My cousin almost lost his shit when I said Hendrix was a better gutiarist than Stevie Ray Vaughn.
It's about people's passions and some feel connected to teams/artists/actors etc and others like myself just care about the entertainment value.
You have a favorite team, ergo you identify with them on some level. You chose them over all of the other possible teams. Taking what you say at face value, you're obviously less invested than most people and that's fine, but it's certainly no more normal or rational than someone who feels more invested in the fortunes of said team. It's just a choice that you made.
I don't understand what you mean by, "I was always me". You understand that you don't lose your individuality when you identify with a group, right? If you were to say "we're getting coffee", with the "we're" referring to a group of friends, you're still an individual as well. Any association that humans form exists on a spectrum. There probably are football fans who feel as if they're actually part of the team and have an unhealthy emotional dependency (something like Big Fan). There are also football fans who just want to see the sport be played well and don't really care about the outcome. Then there's you and me and everyone else that falls somewhere between those two extremes. No one degree between said extremes is inherently the right one so this whole discussion is really peculiar to me.
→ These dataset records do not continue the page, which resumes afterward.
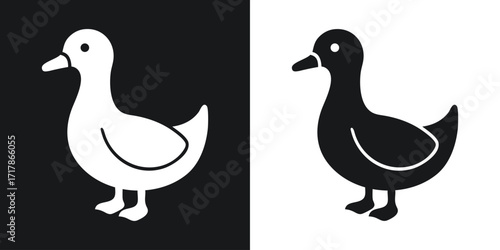 Minimalist duck illustration presented in two color variations perfect for educational or branding designs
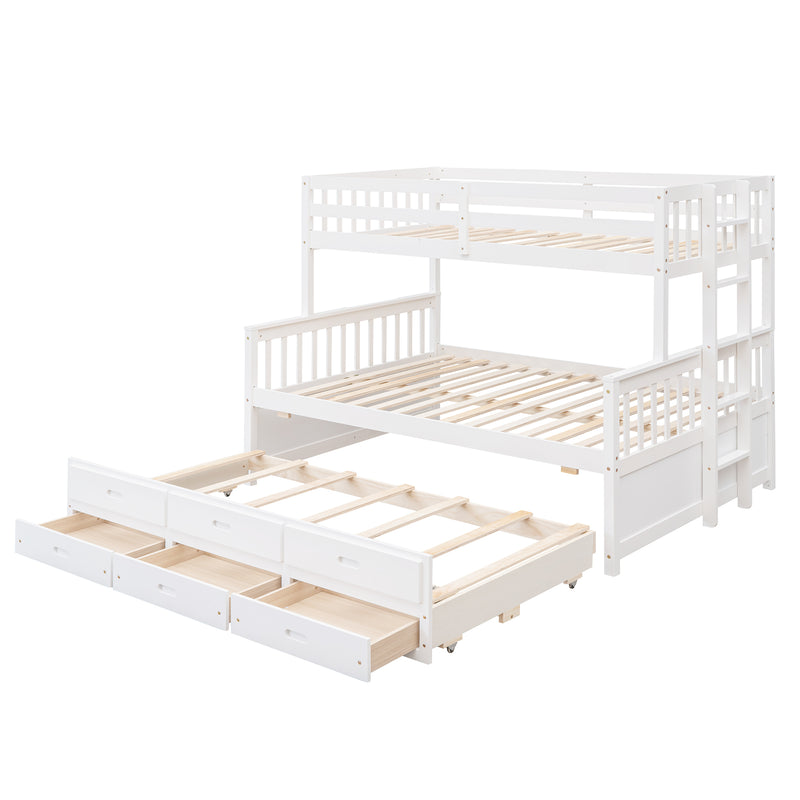 Twin-Over-Full Bunk Bed with Twin size Trundle , Separable Bunk Bed with Drawers for Bedroom - White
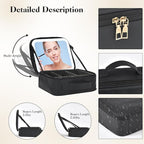 Travel Makeup Bag With LED Mirror,Cosmetic Train Case with 3 Color Setting,Cosmetic Makeup Organizer Bag with Adjustable Dividers,Portable Make up Box with Make up Brushes Holder Storage（Black）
I think that if you (in the general sense, not you specifically) genuinely care about something as insignificant as someone's pronoun usage, you're pitiable.
I'm just me, nothing more. I don't take accomplishments others have and pretend I'm part of it. If I love a movie by a director I like or a song from my favorite group, I'm not going to refer to it as "our movie" or "our song"... I had nothing to do with it, I was simply entertained by the art and supported the artist by paying for the movie/CD. That's my part in it, nothing more.
With the Pens or Steelers, I don't identify with them or place my self-esteem in how they do. I want them to win, but it's not life or death for me.
I'm passionate about hockey and love talking about it, well beyond the Pens. I'm just not connected to the Pens on a personal level where I feel like a part of the team.
It's just how I'm wired and always was.
I just want the Pens/Steelers/Social D etc to entertain me, nothing more. I don't care about meeting any of them or their personal lives. I don't feel a connection to people I don't know. Just because I see them on TV doesn't mean we have a real connection beyond them being entertainers.
And once again, I don't care about other people's business and if they want to pretend to be a part of a team they don't play for. My point was for the third time, it's just funny how so many people conveniently switch their pronouns based on how well their team is doing, from "we" to "they".